Los chicos se quedaron esperando en el vestíbulo, mientras las niñas subían con su madre. A toda prisa dieron de comer a Biffi y bajaron con él a la calle. El perro estaba tan contento de salir a pasear que daba fuertes tirones de la correa, y Pam tuvo que sujetarle con todas sus fuerzas.
El «Hauptbahnhof», o estación central del ferrocarril, estaba cerca del hotel y Ricky sugirió:
—Vamos a ver llegar los trenes.
Cuando todos se encaminaron hacia allí, Biffi iba delante, correteando alegremente y sacudiendo la cabeza.
—Hay que tener cuidado y sujetar fuerte al perro —dijo Pete.
—Será mejor que lo sujetemos entre los dos —opinó Holly.
Pam dio la correa a Holly y Ricky, los cuales la agarraron fuertemente. Un sonriente guardia de la circulación detuvo el tráfico para dar tiempo a que los cinco simpáticos hermanos y el perro cruzasen la calzada y penetrasen en el grisáceo edificio de la estación, que era de aspecto antiguo y estaba llena de gente.
—¡Mirad! ¡Ya veo un tren! —gritó Ricky—. ¡Ven, Holly!
—«Nein», no, no —contestó Pete, esforzándose ante una alta verja de hierro, que tenía varias puertas para pasar a los andenes—. ¡Qué trenes tan extraños hay aquí! —comentó cuando los demás se acercaron.
Holly estalló en risillas.
—Fíjate, se puede entrar por en medio y por las «puntas» de los vagones.
Todos contemplaron con interés los vagones, divididos en pequeños compartimientos, con ventanas que se abrían de arriba a abajo.
—Sujeta bien la correa, Holly, que yo voy a verlo mejor.
Pero, en el mismo momento en que Ricky dejaba la correa, Biffi echó a correr hacia Sue, tan inesperadamente que Holly no tuvo fuerzas para sujetarla.
—¡Ven! ¡Vuelve en seguida! —chilló Ricky echando a correr tras el animal.
Pero a Biffi le gustaba estar suelto y no hizo caso del pequeño, sino que continuó corriendo y cruzó una de las puertas de la verja, seguido por los cinco Hollister, que iban como locos, temiendo perderlo.

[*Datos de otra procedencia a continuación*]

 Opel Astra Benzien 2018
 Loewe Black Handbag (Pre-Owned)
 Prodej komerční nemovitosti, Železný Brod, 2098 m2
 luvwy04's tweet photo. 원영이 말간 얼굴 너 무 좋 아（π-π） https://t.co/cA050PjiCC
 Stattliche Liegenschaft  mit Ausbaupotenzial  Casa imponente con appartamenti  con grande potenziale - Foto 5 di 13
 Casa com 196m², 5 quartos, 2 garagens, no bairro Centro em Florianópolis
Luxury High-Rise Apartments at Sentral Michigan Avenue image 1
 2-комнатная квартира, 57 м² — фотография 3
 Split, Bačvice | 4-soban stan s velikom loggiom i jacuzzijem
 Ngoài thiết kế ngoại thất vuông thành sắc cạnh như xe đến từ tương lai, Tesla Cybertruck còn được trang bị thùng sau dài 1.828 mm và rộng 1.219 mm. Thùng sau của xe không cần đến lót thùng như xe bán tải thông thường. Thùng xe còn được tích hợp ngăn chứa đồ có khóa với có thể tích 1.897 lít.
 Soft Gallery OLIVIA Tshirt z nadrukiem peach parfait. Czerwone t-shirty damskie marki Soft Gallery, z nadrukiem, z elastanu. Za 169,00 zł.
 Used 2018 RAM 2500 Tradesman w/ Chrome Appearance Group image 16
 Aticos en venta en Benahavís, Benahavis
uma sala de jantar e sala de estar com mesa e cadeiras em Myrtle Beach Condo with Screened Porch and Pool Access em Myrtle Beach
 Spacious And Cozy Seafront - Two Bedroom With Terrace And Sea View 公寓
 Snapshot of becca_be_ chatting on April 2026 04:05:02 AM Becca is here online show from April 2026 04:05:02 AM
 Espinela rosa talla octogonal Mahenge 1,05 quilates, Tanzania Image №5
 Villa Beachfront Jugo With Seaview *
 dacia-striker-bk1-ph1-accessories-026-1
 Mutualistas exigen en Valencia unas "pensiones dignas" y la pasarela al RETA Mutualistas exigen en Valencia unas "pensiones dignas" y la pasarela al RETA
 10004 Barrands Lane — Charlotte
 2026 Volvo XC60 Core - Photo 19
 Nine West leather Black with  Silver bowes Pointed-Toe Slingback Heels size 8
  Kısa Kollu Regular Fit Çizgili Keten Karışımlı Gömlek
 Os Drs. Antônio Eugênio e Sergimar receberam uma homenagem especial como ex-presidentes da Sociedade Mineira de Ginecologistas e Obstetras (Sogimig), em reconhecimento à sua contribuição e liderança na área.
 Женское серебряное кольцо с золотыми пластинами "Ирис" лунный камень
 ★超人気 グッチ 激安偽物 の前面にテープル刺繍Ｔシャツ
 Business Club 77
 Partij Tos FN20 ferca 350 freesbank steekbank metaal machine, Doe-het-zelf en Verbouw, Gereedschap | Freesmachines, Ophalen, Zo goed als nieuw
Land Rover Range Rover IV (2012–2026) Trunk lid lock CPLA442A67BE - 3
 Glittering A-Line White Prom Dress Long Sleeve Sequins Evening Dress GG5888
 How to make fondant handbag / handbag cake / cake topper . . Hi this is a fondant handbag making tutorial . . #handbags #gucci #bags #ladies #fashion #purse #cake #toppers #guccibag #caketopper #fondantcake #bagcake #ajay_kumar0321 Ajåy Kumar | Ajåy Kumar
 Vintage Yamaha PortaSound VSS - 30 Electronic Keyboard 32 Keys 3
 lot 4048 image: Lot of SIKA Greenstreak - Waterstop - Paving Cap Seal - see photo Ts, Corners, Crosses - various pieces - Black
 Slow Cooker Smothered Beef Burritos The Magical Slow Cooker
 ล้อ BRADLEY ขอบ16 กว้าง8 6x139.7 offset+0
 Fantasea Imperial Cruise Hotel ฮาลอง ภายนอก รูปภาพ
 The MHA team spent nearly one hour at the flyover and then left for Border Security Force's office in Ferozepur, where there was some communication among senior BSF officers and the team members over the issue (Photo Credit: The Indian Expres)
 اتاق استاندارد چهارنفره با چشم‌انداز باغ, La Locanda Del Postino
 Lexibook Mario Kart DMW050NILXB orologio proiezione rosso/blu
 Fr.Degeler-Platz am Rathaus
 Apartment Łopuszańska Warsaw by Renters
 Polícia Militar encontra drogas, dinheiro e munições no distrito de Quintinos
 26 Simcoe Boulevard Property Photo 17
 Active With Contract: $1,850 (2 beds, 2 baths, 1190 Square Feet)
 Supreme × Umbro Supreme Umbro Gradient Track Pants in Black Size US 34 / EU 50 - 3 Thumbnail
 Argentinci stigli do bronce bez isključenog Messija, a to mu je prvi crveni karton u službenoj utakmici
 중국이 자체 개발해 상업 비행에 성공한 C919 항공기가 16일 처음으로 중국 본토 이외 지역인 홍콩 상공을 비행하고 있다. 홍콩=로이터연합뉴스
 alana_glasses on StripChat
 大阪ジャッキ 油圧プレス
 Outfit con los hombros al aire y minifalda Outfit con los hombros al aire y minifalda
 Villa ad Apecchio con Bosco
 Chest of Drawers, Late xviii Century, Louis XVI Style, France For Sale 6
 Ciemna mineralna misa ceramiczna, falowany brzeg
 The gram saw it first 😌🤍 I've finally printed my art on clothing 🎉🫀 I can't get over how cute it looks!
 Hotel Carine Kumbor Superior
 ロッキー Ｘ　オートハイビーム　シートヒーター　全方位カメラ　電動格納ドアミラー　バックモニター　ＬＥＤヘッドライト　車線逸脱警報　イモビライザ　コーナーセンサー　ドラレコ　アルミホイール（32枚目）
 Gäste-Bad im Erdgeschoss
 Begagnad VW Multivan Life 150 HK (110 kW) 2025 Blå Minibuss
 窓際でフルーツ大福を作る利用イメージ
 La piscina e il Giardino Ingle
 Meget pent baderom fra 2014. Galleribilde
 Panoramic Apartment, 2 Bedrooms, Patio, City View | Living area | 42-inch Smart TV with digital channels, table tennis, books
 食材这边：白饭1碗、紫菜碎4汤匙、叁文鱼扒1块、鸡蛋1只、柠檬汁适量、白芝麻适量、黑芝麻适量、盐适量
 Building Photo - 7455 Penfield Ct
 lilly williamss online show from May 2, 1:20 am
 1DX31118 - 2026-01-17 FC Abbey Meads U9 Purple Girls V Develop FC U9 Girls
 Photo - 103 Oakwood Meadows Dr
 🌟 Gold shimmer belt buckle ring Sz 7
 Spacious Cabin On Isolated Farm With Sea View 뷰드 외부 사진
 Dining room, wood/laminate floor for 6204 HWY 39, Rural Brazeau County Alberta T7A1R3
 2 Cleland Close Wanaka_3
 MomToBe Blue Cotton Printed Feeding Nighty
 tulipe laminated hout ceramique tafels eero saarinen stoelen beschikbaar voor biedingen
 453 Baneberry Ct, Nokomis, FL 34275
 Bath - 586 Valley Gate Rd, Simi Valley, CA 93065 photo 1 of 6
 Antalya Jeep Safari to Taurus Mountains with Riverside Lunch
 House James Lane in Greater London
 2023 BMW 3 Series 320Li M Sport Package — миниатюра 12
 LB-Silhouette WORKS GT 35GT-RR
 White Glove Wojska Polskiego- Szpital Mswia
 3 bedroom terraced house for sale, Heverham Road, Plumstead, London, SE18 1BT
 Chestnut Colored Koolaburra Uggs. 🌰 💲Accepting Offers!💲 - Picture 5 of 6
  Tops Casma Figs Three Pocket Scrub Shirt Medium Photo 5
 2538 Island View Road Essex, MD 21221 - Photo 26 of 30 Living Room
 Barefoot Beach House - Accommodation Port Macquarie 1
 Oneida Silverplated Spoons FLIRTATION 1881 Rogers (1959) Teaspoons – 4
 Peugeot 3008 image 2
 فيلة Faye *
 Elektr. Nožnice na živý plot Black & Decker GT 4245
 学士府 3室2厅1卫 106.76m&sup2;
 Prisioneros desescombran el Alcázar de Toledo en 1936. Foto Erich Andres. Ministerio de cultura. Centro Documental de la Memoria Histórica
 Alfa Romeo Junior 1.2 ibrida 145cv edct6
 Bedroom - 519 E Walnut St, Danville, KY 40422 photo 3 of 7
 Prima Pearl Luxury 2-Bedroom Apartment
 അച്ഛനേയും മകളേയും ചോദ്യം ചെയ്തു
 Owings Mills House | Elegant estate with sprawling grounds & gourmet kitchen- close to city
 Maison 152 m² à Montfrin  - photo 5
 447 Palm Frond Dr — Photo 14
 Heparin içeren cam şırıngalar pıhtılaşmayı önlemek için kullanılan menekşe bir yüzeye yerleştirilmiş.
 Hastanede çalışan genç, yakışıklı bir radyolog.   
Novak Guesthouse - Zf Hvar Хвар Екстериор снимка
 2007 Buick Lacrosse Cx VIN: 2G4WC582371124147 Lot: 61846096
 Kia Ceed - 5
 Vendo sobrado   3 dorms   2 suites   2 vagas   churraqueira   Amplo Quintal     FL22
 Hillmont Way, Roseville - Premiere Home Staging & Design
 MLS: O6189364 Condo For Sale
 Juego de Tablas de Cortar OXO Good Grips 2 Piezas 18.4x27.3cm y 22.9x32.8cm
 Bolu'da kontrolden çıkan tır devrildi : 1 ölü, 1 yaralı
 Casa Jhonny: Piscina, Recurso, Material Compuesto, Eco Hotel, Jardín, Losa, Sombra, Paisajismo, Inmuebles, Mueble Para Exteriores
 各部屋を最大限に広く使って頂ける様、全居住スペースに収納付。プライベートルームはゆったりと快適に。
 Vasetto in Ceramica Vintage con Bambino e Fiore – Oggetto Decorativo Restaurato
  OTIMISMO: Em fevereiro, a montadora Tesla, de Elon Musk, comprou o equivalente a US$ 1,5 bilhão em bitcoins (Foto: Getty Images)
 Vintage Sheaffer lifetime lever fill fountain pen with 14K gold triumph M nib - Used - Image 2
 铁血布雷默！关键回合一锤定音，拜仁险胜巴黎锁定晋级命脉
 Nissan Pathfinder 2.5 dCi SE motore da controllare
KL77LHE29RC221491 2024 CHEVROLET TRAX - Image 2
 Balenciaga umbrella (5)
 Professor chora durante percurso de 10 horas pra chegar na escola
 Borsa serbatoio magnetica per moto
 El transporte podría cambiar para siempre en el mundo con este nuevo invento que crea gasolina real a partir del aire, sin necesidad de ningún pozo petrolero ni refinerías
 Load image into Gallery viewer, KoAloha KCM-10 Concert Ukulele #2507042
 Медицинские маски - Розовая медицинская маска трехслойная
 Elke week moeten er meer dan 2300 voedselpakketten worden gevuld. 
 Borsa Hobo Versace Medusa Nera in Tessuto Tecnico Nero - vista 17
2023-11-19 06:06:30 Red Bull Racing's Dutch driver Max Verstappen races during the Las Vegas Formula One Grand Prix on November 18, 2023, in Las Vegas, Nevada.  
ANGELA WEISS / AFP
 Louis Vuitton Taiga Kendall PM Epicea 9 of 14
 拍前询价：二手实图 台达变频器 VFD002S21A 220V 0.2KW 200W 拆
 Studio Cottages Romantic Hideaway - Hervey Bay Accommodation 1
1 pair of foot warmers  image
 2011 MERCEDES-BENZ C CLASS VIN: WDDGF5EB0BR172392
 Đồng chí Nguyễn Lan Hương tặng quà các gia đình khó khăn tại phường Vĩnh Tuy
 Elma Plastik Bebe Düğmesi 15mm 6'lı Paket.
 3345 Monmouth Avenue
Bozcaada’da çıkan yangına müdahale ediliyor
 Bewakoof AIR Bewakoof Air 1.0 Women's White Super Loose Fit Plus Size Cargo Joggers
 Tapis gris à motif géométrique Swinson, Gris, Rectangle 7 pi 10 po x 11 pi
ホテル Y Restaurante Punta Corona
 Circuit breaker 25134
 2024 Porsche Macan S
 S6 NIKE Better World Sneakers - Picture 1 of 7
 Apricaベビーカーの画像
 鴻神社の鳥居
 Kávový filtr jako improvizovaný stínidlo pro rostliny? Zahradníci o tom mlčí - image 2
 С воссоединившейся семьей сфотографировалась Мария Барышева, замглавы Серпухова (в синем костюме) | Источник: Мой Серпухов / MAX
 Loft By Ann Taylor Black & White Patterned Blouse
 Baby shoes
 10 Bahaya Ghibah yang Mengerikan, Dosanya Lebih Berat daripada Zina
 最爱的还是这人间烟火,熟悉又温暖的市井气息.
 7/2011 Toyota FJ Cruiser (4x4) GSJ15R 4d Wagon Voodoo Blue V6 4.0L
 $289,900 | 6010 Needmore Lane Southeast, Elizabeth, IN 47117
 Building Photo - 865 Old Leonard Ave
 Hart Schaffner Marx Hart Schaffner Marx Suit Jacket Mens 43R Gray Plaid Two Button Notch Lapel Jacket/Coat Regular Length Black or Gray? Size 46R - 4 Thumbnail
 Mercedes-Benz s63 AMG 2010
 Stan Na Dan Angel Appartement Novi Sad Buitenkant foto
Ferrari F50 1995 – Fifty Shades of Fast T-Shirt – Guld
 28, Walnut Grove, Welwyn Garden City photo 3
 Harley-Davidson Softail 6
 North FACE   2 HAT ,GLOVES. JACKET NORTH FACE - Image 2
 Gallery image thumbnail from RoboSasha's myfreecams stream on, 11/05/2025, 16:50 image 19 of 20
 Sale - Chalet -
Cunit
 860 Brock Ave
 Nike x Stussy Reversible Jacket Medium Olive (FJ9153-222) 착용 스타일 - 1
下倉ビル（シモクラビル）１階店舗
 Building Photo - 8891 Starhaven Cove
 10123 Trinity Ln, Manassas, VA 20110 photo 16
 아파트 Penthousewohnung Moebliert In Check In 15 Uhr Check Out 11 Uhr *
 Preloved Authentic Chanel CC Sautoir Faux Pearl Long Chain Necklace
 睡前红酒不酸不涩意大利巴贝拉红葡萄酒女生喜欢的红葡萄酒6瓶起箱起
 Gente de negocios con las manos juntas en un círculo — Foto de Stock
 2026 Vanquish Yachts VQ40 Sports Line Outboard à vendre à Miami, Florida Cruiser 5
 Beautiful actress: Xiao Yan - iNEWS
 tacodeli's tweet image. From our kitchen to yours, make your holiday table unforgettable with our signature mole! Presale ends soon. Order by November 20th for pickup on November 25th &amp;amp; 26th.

—¡Quieto, Biffi! —advirtió Pam, asustada, al ver que el perro corría hacia el tren.
De pronto, el animal saltó a uno de los vagones. Antes de que Pete hubiera podido subir a la plataforma, un empleado cerró las puertas y el tren empezó a alejarse, lentamente, de la estación.
Pam estaba angustiadísima.
—¡Biffi, Biffi, sal! —suplicó a gritos, corriendo junto al tren en marcha.
Mientras, el empleado del tren miraba a la niña con extrañeza y acabó encogiéndose de hombros. Era indudable que no había visto entrar al perro.
Cuando el tren iba tomando más velocidad Biffi apareció, de repente, en una de las ventanillas de un compartimiento.
—¡Está ahí! —gritó Holly, echando a correr por las vías—. ¡Biffi, Biffi, guapísimo, vuelve!
—¡Oiga, ese perro es nuestro! —dijo Pete a gritos a un hombre del compartimiento—. ¡Ayúdenos usted, por favor!